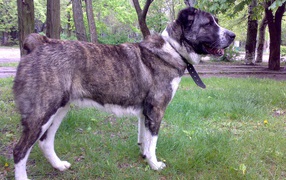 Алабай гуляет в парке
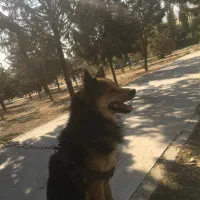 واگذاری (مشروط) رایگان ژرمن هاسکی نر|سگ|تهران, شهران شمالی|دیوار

---

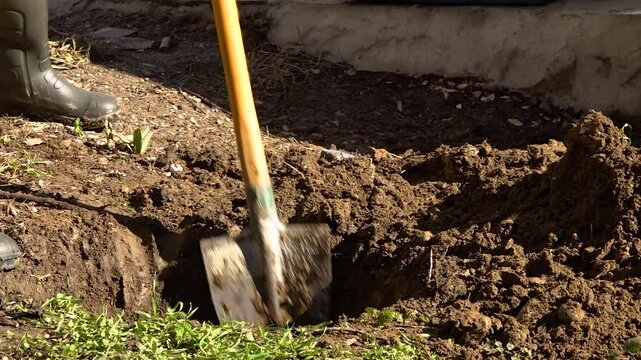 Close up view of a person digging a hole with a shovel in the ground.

* * *

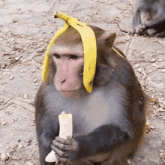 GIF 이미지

*Task description*
Look above for the line with "Алабай гуляет в парке" and the line with "واگذاری (مشروط) رایگان", then restate exactly those two lines and all lines between them, with no pictures.

*Answer below*
 Алабай гуляет в парке
 واگذاری (مشروط) رایگان ژرمن هاسکی نر|سگ|تهران, شهران شمالی|دیوار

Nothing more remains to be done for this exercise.